__The task__
Beginning at the line with "03050%20Preciosa%20B%C3%ADl%C3%A1%20natural%20opaque%208" in the records below, return each line up to and including the last, exactly as it stands, but not the pictures.

__Extracted entries__
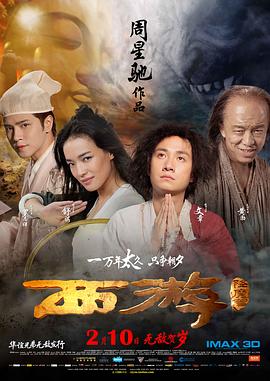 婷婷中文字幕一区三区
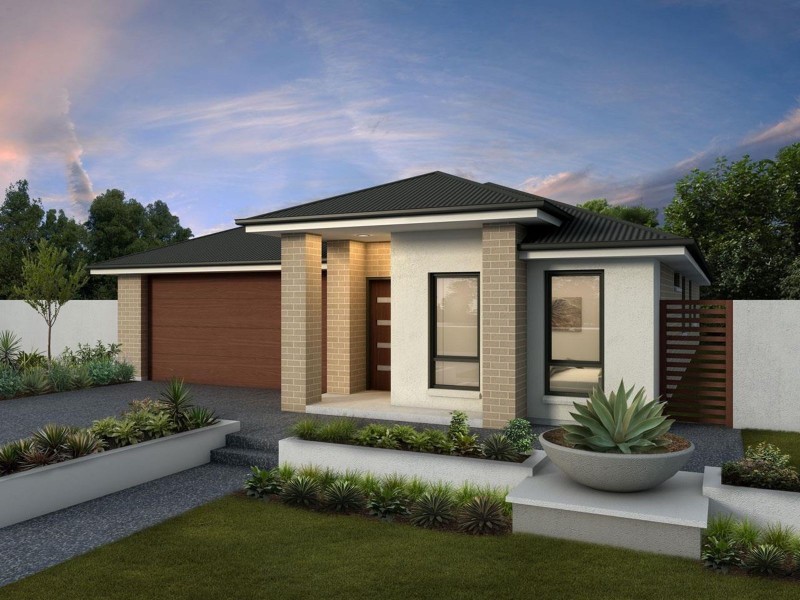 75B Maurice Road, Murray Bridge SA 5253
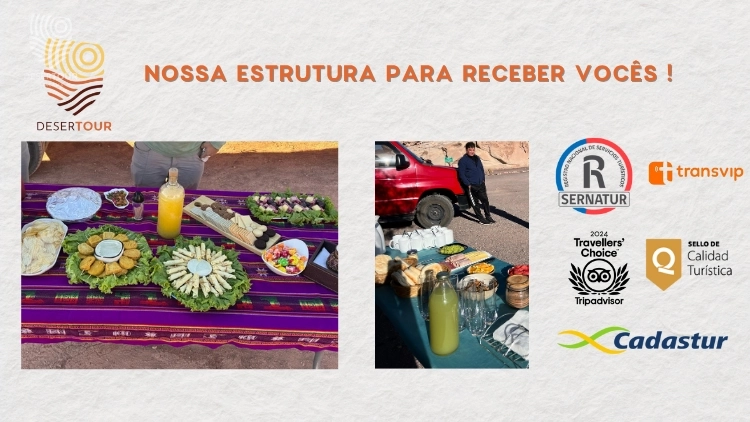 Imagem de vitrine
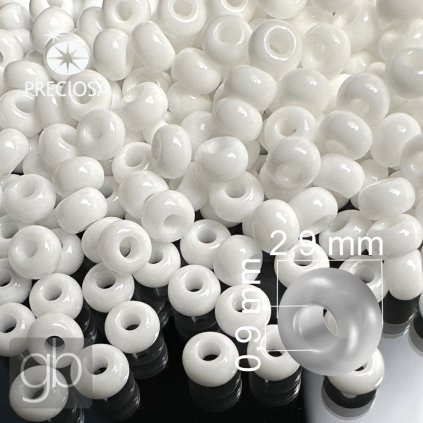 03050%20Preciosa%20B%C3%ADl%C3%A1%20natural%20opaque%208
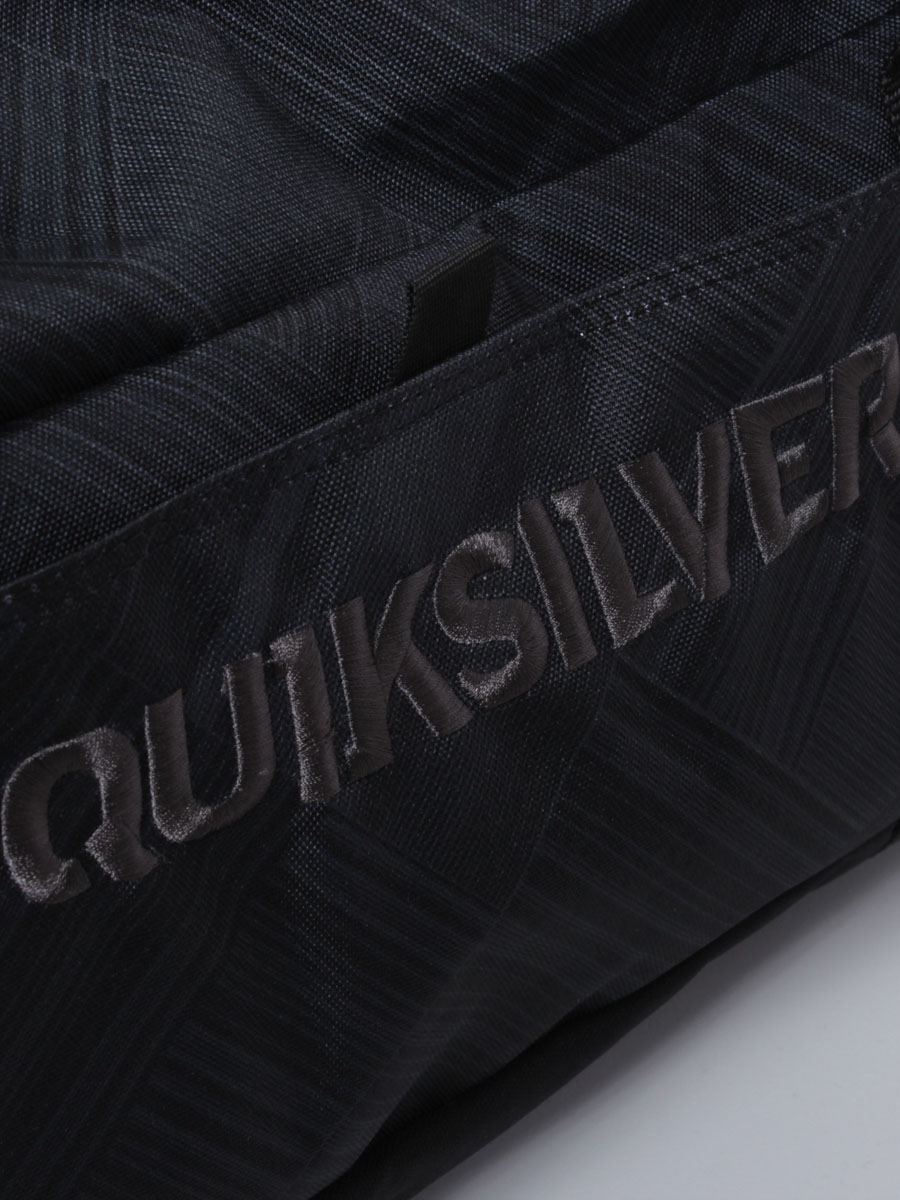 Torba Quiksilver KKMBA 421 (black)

__Written reply__
 03050%20Preciosa%20B%C3%ADl%C3%A1%20natural%20opaque%208
 Torba Quiksilver KKMBA 421 (black)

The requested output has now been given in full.